If you are interested the jSpy project is a good place to see some real-world examples.

Creating statements

Procedural programming languages are often described in terms of statements. Each line of code is usually a statement which might describe an expression such as a = 2 * b or a special structure such as if (a) then b.

In the examples below we will create 3 types of statements:

  1. An expression statement for evaluating simple expressions.
  2. A code block statement that will describe a group of statements (useful for describing function bodies and if then else code blocks).
  3. An example of a named statement such as if (a) then b. This type can be extended and adapted to describe loops, function declarations, variable declarations, etc.

A Base Statement Class

It is useful to be able ot keep all statements in a single array, thus, we will define an abstract base class for all statements so this is is possible to achieve and also for making it easier to define specific types of statements below:

class Statement {
 protected:
  virtual void _compile(const char* code, const char** rest,
                        TokenMap parent_scope) = 0;
  virtual packToken _exec(TokenMap scope) const = 0;

 public:
  virtual ~Statement() {}
  void compile(const char* code, const char** rest = 0,
               TokenMap parent_scope = &TokenMap::empty) {
    return _compile(code, rest, parent_scope);
  }

  packToken exec(TokenMap scope) const { return _exec(scope); }

  // This will allow each statement to be copied:
  virtual Statement* clone() const = 0;
};

With this implementation all our statements will have 2 public functions: A compile() function and an exec() function and these functions rely on 2 private pure virtual functions that we will need to implement for each of our child classes: _compile() and _exec() that are called respectively by the 2 public functions.
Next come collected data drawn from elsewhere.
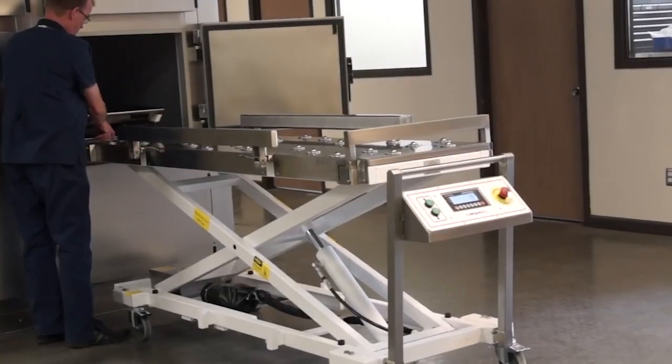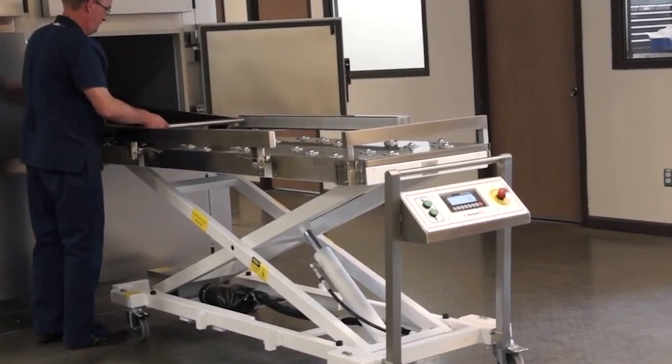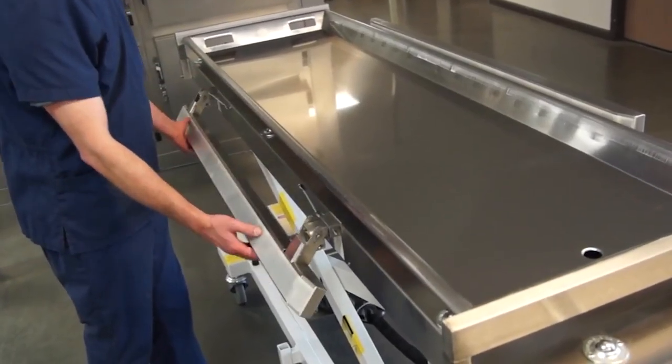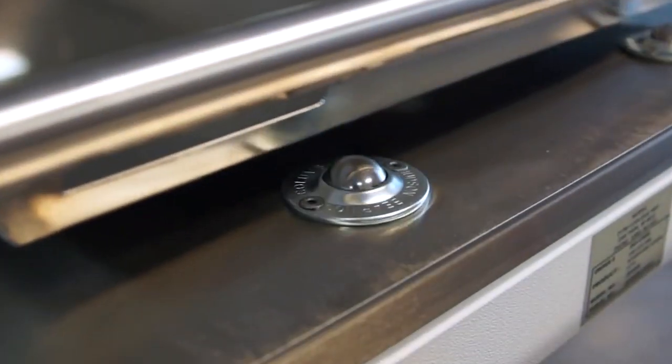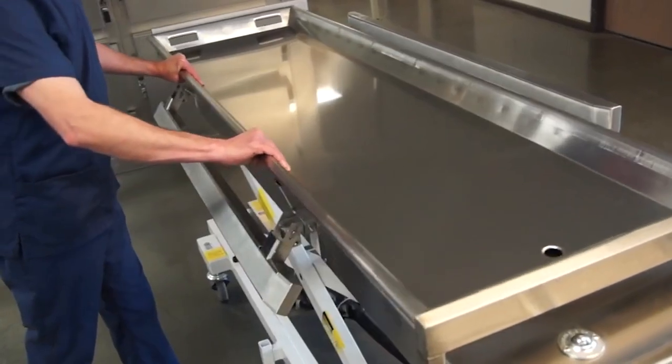Red Wing lifts are equipped with end access for loading and unloading body trays. The JD 5000 lift has both end and side loading access. Using rollerball technology, body trays can move across the lift surface in any direction needed.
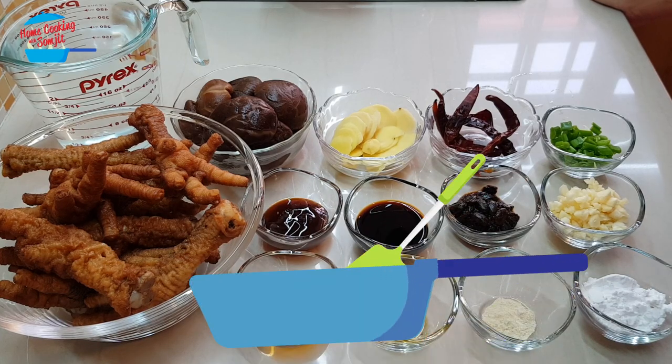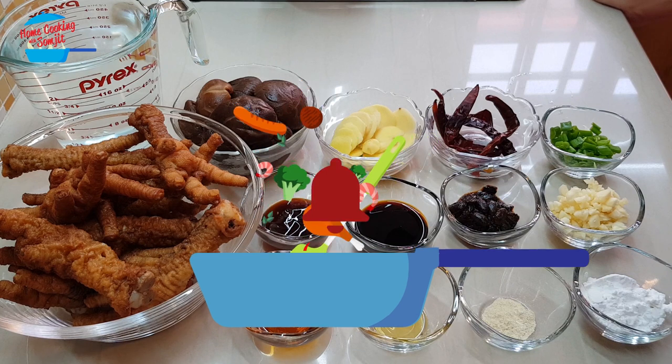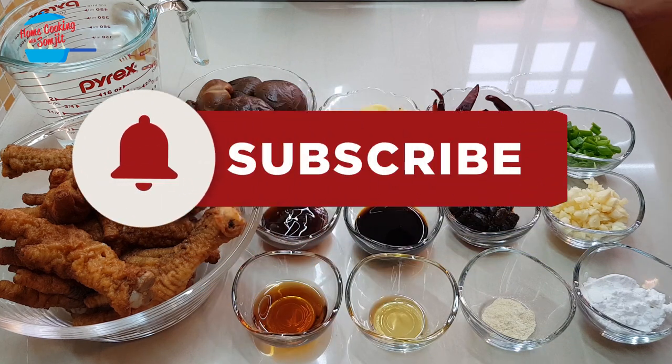Hello, welcome to home cooking with Somjit. Today I'm going to cook spicy braised chicken feet with Shiitake mushroom.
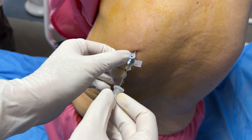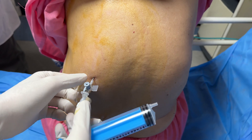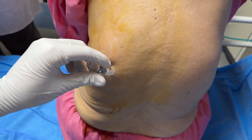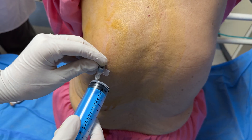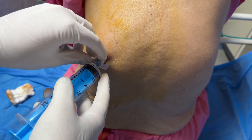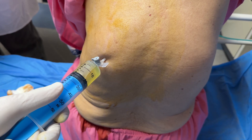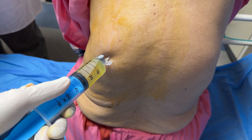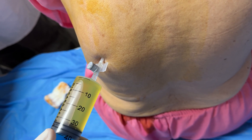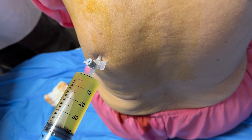The fluid begins to drain — typically straw-colored in liver disease, sometimes more serous in heart failure. We attach the syringe for the first aspiration. What are we looking for? Is the fluid bloody? If so, does it clot? If it clots, it's likely a traumatic tap, and we may need to reassess. In this case, we are expecting a transudate due to her heart failure, but with her cancer, we must also rule out a malignant exudate.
Note: You might have noticed the functions compile() and eval() are redundant. The reason I did this is that I wanted to set default arguments for these functions, but it is only possible if they are not pure virtual. So I created a non-virtual version of each of the 2 virtual functions.

The _compile() method should describe how this statement should be parsed, i.e. how to break the input text into meaningful structures that can be used later during the evaluation stage.

The _exec() method should describe the evaluation rules of this statement, e.g. an IF statement would execute only one of the 2 code blocks each time depending on the result of the boolean expression.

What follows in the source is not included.